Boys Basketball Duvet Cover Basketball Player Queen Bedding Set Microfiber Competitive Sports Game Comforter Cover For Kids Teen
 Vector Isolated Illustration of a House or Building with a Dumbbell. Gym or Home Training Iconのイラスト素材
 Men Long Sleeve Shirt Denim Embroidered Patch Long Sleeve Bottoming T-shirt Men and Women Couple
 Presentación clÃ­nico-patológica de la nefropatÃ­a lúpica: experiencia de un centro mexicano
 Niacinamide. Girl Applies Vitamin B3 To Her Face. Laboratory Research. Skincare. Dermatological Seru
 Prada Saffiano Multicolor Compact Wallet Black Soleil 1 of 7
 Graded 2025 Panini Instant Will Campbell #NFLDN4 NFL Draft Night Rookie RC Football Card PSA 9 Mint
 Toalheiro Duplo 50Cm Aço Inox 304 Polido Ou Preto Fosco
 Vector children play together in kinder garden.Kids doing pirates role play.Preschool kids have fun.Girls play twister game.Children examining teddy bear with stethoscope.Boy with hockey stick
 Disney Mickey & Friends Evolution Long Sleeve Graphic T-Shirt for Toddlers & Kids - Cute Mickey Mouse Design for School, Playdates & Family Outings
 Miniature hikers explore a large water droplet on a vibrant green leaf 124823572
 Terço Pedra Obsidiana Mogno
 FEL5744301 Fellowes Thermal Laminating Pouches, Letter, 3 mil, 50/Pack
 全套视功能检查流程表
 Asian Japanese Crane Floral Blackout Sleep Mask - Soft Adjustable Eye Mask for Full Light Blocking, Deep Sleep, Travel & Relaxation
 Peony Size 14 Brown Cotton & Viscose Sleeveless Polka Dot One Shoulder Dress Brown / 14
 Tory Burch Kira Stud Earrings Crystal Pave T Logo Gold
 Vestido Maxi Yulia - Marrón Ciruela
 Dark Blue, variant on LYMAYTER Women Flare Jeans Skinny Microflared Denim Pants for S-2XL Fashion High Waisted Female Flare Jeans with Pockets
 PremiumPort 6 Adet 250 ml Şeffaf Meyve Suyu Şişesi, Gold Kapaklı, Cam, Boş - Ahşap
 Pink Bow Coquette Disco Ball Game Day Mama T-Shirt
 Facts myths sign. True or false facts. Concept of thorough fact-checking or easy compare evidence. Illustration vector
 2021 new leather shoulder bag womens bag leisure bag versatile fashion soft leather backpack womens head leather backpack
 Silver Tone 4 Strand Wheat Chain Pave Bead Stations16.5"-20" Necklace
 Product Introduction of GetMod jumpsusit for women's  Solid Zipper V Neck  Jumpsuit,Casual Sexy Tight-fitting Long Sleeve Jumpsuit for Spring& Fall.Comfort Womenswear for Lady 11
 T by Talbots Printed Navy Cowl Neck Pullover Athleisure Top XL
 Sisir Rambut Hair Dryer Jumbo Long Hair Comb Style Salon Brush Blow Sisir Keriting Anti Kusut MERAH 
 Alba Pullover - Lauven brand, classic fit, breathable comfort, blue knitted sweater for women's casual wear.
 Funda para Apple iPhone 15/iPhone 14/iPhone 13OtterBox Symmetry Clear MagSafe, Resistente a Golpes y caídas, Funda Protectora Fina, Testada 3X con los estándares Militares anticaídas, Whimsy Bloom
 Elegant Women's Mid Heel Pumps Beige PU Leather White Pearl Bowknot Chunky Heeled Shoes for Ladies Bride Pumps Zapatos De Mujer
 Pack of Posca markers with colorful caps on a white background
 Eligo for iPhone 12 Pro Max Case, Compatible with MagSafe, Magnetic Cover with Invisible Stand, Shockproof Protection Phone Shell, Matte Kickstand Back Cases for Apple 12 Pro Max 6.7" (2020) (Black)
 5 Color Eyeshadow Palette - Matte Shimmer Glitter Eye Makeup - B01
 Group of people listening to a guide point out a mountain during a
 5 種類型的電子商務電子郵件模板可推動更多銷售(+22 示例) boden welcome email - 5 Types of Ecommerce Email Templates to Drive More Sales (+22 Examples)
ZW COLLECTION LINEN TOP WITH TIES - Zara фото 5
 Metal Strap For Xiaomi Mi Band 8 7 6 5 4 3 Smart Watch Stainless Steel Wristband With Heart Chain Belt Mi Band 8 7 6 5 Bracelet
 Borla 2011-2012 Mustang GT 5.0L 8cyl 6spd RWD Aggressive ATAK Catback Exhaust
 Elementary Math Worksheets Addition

====

TASK TO COMPLETE: Scan the data above for the word "Matte", then copy every line that holds it.

WORKED SOLUTION:
 Eligo for iPhone 12 Pro Max Case, Compatible with MagSafe, Magnetic Cover with Invisible Stand, Shockproof Protection Phone Shell, Matte Kickstand Back Cases for Apple 12 Pro Max 6.7" (2020) (Black)
 5 Color Eyeshadow Palette - Matte Shimmer Glitter Eye Makeup - B01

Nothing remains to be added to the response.